My theme for this year (both personally and in ministry) is this: Be Brave. To live Courageously.
Today I hung out with a Brave woman. This Brave lady also happens to be my aunt. Aunt Chris is ten years older than me…my mama’s baby sister. I remember playing dress up in her clothes and watching her graduate from high school. I remember us building a tent from blankets and sleeping in it until the center post (aka: the vacuum cleaner) fell over in the middle of the night. I also remember shopping trips and iced cappuccinos and the countless letters she wrote me when I lived far away.
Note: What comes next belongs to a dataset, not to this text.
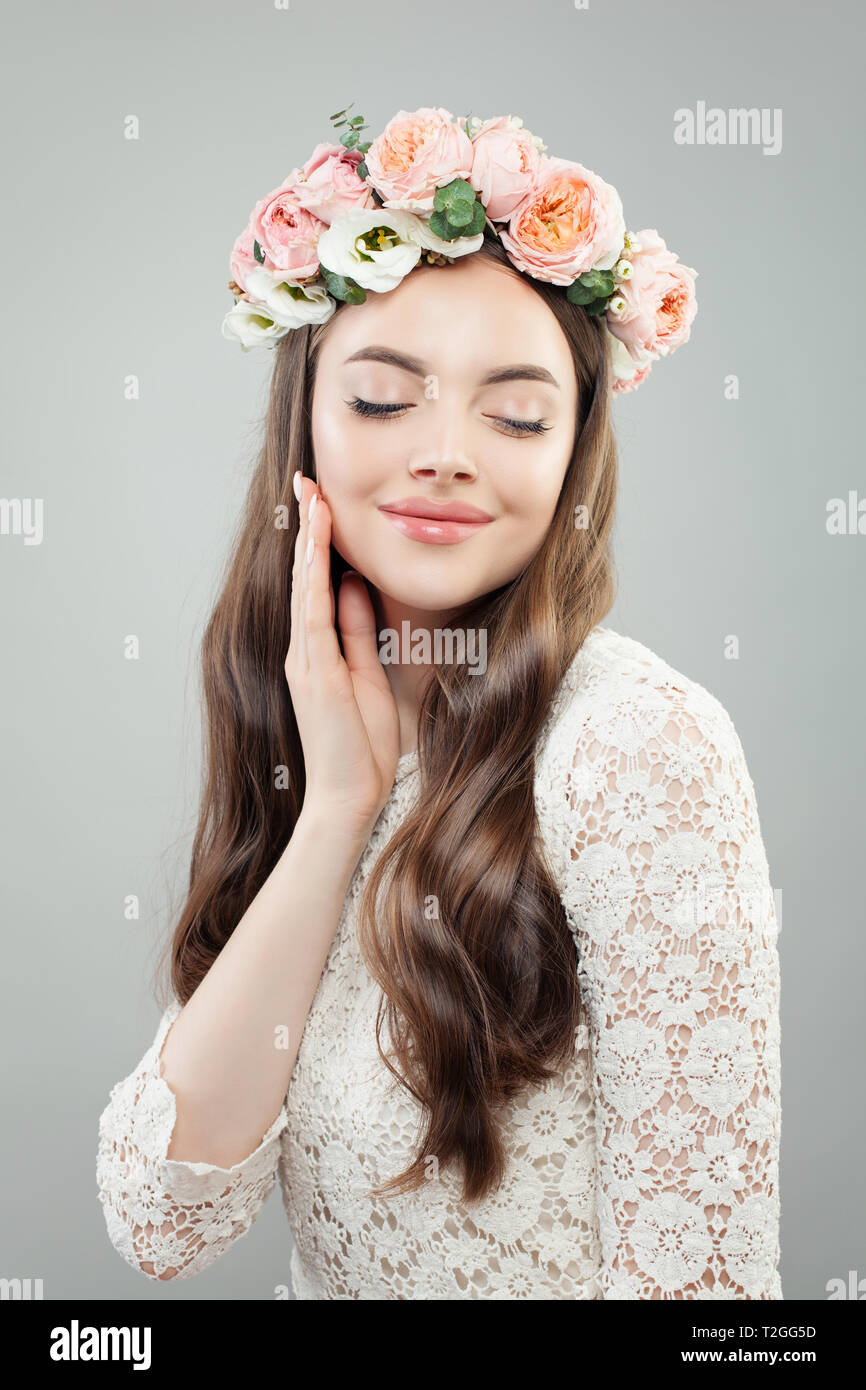 Perfect Woman Model With Curly Hair Makeup And Flowers Relaxing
This morning I sat across from her at our favorite coffee place (Tim Hortons!) and talked about life. We didn’t use the word Brave, but it was the complete body of our conversation. We talked about cancer. Her Hodgkins Lymphoma. And losing hair. And chemo treatments and ports and needles and wigs and being sick and tired. So really, we talked about living Brave.
When I think of Brave, I think of Aunt Chris. She is Brave. Everyday she gets up knowing she’s facing chemo and sickness and losing her hair and she fights with everything in her. She prays for healing. And I discovered something today: Brave is Beautiful. I saw the determination in her eyes. She is prepared for battle. She lives Brave. Does that mean she’s not nervous or is blowing off her diagnosis? No. But she is refusing to let it define her or crush her spirit. That’s living Brave.
It reminded me of 2 Corinthians 4:6-9, “For God who said, ‘Let the light shine out of darkness’, has shone in our hearts to give light of the knowledge of God’s glory in the face of Jesus Christ. Now we have this treasure in clay jars, so that this extraordinary power may be from God and not from us. We are pressured in every way but not crushed; we are perplexed but not in despair; we are persecuted but not abandoned; we are struck down but not destroyed.” (HCSB) We carry the Light of Jesus around inside of us…and this Light pushes us to hope. This Light shows up best in darkness. Darkness like cancer or broken relationships or deep hurt. We hope because of this Light of Jesus. We have faith in Him. We trust that He has it all in control. That’s why we can live Brave…because He shows up in our weakness. This extraordinary power of Jesus is available to us and that makes us be able to live Brave and be Brave.
Today I saw Brave up close. I laughed with her and listened to the narrative of the life she is facing for the next several months. I hugged Brave. And you know what? It made me want to be Brave. To live Courageous everyday. Aunt Chris is one of my earthly heroes who points me to my Heavenly Hero. Brave is Beautiful, because Jesus is. And when we live Brave, He shows up.